A Mother’s Day to Remember

griefjourney holidaygrieftips motherhood mothersday understandinggrief May 14, 2020

As we mentioned in our last community post on grief & loss, talking about death can be difficult. Sometimes friends or acquaintances don’t want to talk about a deceased loved one because they’re afraid of bringing up sad memories or causing more pain for the person grieving. What they don’t understand (and what we are here to clarify), is that the pain never really goes away — it just changes — and talking about our deceased loved ones keeps their memory alive!

Kathleen Place, who lost her mother when she was just 10-years old, dedicated this past Mother’s Day to writing the following post. She explained…

My mother loved to write about her journey with terminal illness in letters & her journal. When she knew that she was very sick, she wrote all five of her children letters that we could open later in life (like graduations and weddings) reminding us that she will always be with us. I decided to write my story on Mother’s Day, and it felt like I was writing to my mother. Dedicating time to remembering her and going through old photos albums was so special. I feel so lucky to be her daughter and even more lucky to have her as my guardian angel.

Kathleen shares the rest of her story with us below!

My mother passed away from a hard-fought battle with ovarian cancer in 1998 when she just was 41 years old. I was 10 years old at the time, so the biggest challenge for me was understanding how permanent loss was. I also found it extremely difficult to share my feelings. None of my friends had lost a parent and I did not want to be looked at differently — I just wanted to fit in. So instead of talking about what I was going through, I stayed silent and made it appear that I was doing better than I really was.

The challenges I have faced since my mothers passing have evolved over time. It took me years to be ok with and figure out how to communicate my emotions. For a long time, I thought if I shared my imperfections, people would feel sorry for me and look at me differently. It wasn’t until my early twenties that I realized I was only hurting myself by internalizing my emotions. I started to go to therapy, which was one of the single best decisions I have ever made. Over time, I was able to open up to friends & family, which started to create deeper and more meaningful relationships.

At the same time, I started to change the way I viewed working out. I used to be a long-distance runner and while it was a great workout, it was never something that I completely enjoyed. After realizing how much I liked building relationships, I wanted to incorporate that into other aspects of my life, including my workouts.
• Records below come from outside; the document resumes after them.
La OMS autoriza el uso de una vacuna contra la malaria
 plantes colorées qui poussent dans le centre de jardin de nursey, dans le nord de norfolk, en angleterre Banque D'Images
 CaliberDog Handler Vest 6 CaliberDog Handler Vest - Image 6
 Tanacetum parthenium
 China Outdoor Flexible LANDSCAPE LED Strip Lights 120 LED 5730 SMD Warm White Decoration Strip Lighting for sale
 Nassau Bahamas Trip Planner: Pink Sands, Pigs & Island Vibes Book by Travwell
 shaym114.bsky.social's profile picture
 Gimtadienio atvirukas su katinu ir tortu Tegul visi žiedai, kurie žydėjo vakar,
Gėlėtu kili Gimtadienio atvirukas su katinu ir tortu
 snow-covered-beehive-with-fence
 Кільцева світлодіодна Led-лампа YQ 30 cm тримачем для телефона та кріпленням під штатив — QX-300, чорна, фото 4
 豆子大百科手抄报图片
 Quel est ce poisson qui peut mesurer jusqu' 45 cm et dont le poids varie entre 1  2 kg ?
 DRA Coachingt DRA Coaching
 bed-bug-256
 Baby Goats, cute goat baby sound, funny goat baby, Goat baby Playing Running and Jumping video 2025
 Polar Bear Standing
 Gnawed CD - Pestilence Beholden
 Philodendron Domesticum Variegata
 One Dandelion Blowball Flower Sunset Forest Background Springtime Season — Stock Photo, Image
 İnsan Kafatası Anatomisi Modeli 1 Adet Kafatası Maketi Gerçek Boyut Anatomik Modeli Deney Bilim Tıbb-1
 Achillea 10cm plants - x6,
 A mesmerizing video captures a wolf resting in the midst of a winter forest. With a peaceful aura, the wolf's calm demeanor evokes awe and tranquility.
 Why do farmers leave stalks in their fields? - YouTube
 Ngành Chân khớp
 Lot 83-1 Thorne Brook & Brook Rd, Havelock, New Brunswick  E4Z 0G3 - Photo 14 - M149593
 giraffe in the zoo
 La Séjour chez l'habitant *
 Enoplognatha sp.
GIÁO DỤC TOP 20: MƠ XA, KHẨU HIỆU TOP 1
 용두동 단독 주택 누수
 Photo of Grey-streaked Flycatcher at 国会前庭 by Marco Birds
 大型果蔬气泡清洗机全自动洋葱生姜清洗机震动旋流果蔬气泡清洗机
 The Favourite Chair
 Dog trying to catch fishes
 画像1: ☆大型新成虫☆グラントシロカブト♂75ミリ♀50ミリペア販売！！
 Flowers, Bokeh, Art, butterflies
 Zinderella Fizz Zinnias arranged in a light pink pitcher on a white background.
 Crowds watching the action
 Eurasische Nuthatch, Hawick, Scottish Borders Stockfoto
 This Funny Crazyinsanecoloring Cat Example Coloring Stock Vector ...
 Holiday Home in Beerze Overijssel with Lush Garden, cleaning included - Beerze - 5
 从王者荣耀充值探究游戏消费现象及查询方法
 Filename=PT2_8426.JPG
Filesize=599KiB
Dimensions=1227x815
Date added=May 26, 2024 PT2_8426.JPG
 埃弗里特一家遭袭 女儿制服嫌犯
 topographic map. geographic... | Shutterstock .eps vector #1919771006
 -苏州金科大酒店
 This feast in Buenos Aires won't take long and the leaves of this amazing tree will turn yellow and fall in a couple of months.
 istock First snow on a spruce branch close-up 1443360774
I started to mix it up and began taking fitness classes like dance, spin and yoga classes. I was out of my comfort zone, but I LOVED it. I fell in love with the fact that you can get an amazing workout, do something fun and meet new people. It came into my life at exactly the right time and I am forever grateful for the fitness community.

Losing my mom at such a young age affects me in different ways, at different times up to this day! There are times when I would expect to be sad, but I am not. For example, on my wedding day I thought I was going to miss my mom so much, but instead of being sad, I felt her presence and love more than ever. On the other hand, there are times in everyday life that I find myself yearning for her. Like recently I went to a doctor’s appointment and I remember looking at the chair next to me thinking “wow I wish my mom was here”.

Grief is unpredictable and no matter how long it has been since a death it can and will still affect you. Lately, as I am getting closer to the age my mother passed, I have been thinking a lot about my mothers’ perspective and how hard it must have been for her. Her battle and ultimate death has made me appreciate everything that I have and has made me realize the importance of embracing life while we can. 


If you are reading this and have recently endured a loss, please know that we feel you. We share these stories to provide hope and inspiration through living examples — as each person who writes a story here has lived it … and has survived.